Natural Language Processing

Q \& A#

What is bag of words? How we can use it for text classification?#

Bag of Words is a representation of text that describes the occurrence of words within a document. The order or structure of the words is not considered. For text classification, we look at the histogram of the words within the text and consider each word count as a feature.
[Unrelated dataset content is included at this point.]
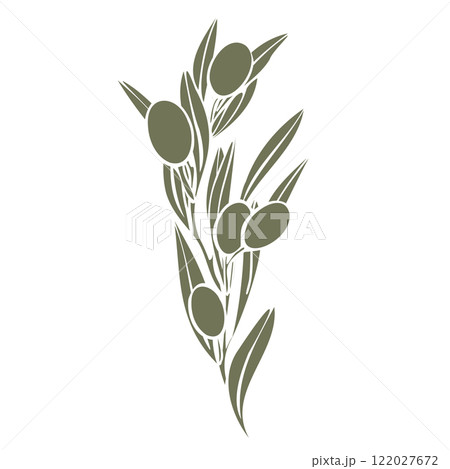 Hand drawn olive branch vector illustration with linear silhouette with fruits and leaves in olive green color. Minimalistic composition. elegant botanical elements for logo, packaging, textiles, menu 122027672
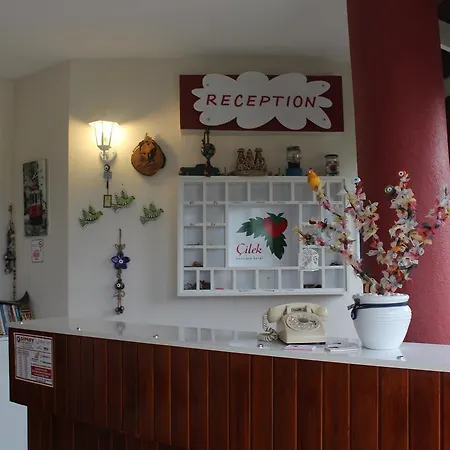 Готель Cilek Butik 3*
What are the advantages and disadvantages of bag of words?#


  1. Simple to understand and implement.


  1. The vocabulary requires careful design, most specifically in order to manage the size, which impacts the sparsity of the document representations.
  2. Sparse representations are harder to model both for computational reasons (space and time complexity) and also for information reasons
  3. Discarding word order ignores the context, and in turn meaning of words in the document. Context and meaning can offer a lot to the model, that if modeled could tell the difference between the same words differently arranged (“this is interesting” vs “is this interesting”), synonyms (“old bike” vs “used bike”).
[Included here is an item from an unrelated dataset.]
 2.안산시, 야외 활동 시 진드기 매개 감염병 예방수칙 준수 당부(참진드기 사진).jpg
What are N-grams? How can we use them?#

The function to tokenize into consecutive sequences of words is called n-grams. It can be used to find out N most co-occurring words (how often word X is followed by word Y) in a given sentence.
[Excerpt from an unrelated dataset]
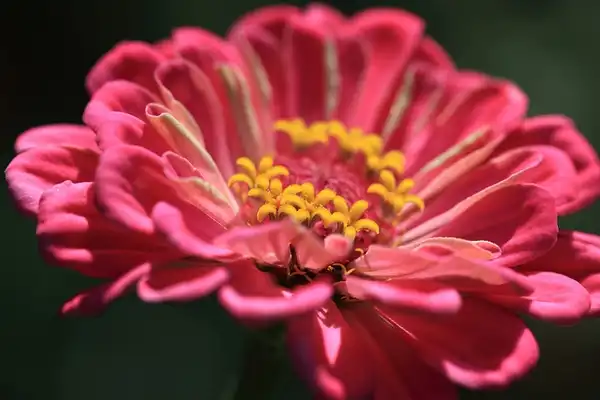 Photo of Zinnia elegans (Zinnia eleganss)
What is TF-IDF? How is it useful for text classification?#

Term Frequency (TF) is a scoring of the frequency of the word in the current document. Inverse Document Frequency(IDF) is a scoring of how rare the word is across documents. It is used in scenario where highy recurring words may not contain as much informational content as the domain specific words. For example, words like “the” that are frequent across all documents therefore need to be less weighted. The Tf-IDF score highlights words that are distinct (contain useful information) in a given document.